JAMAICA'S Agriculture at a Crossroads: Breaking the Cycle of Unfulfilled Promise Says Lenworth Fulton

It's time to stop lamenting agricultural failures and start building on the successes we already have
KINGSTON, Jamaica, September 26, 2025 — Jamaica's agricultural sector tells a story of contradictions. While we perpetually bemoan the collapse of traditional export crops and cooperative failures, we conveniently ignore a remarkable achievement: our farmers produced approximately 800,000 tons of food in 2021/22, along with adequate supplies of broiler meat, eggs, and pork. This isn't failure—it's the foundation for food security we've been desperately seeking.
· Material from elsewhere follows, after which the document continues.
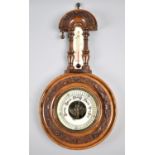 A Late Victorian Aneroid Wheel Barometer with Thermometer, Carved Oak Leaf Decoration, 40cm high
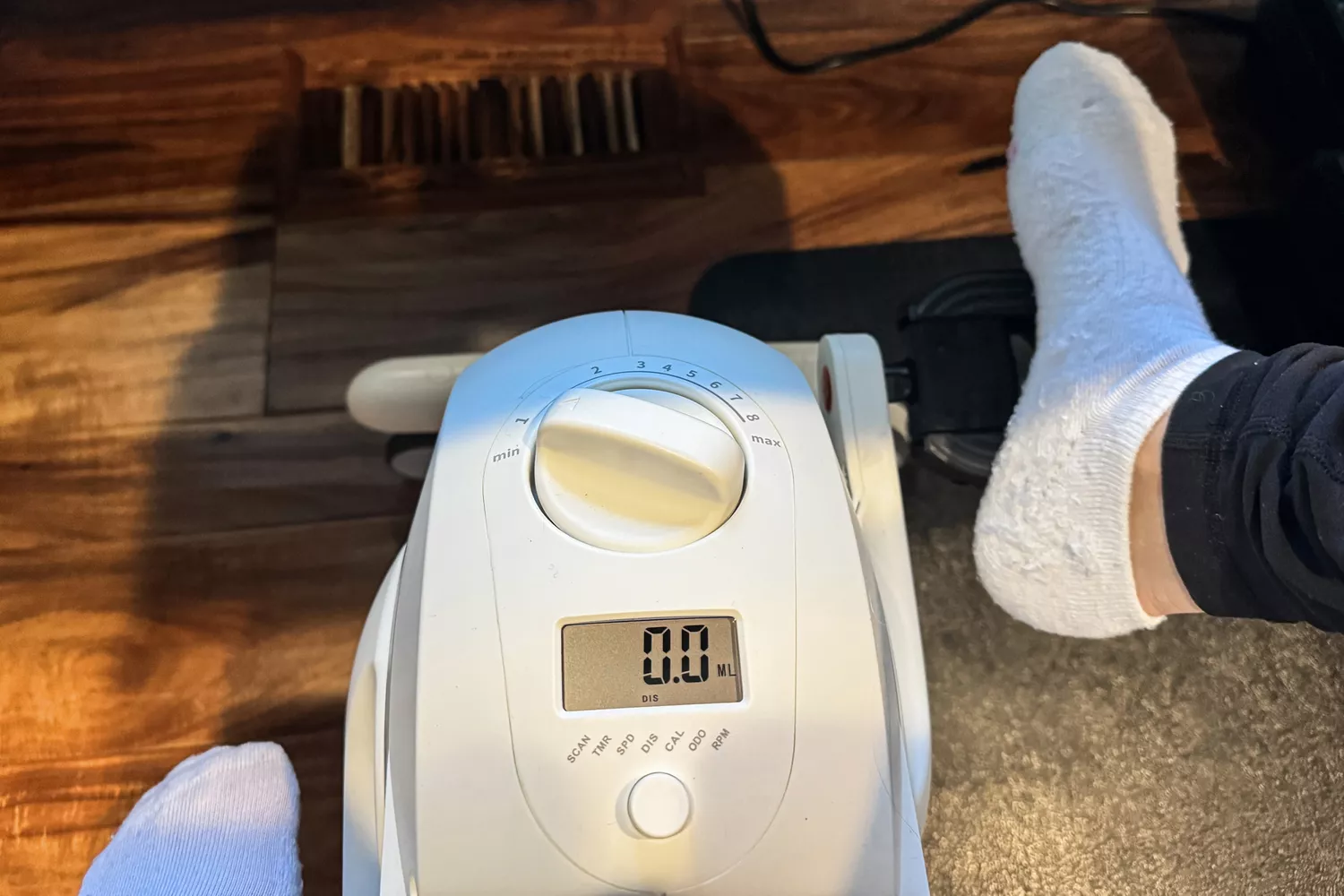An overhead close-up of a person pedaling the Flexispot Deskbike V6 Pro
Yet this production triumph remains undermined by systemic failures that have plagued our agricultural sector for decades. The time for excuses has passed; Jamaica needs bold solutions to unlock agriculture's potential to feed both our people and our crucial tourism sector.
Success Stories We're Not Celebrating
The ALEX marketing platform, a collaborative effort between RADA and the Tourism Enhancement Fund, proves that innovative approaches work. Since early 2024, this platform has generated over $100 million in sales, connecting farmers directly with the hotel sector. This isn't just impressive—it's transformational proof that modern marketing and distribution can revolutionize how we approach agricultural commerce.
But ALEX remains an isolated success in a sea of inefficiency. Most farmers still depend on exploitative middlemen who profit while producers struggle. This cycle continues because farmers remain reluctant to join progressive organizations like JAS or cooperatives that could strengthen their negotiating power and market access.
The Financial Stranglehold
The elephant in the room is our crippled financial system. For forty years, farmers have faced an impossible barrier: no access to capital. The People's Cooperative Bank, once agriculture's financial lifeline, now operates as a shadow of its former self, while no other financial institution shows genuine interest in agricultural lending.
This isn't just disappointing—it's economically destructive. The PC Bank must urgently reorganize and seek capital through the stock market, making funds available to farmers online. Furthermore, PC Bank should issue a prospectus for bond placements, collaborating with entities like the Agricultural Insurance Company to target agro-park development.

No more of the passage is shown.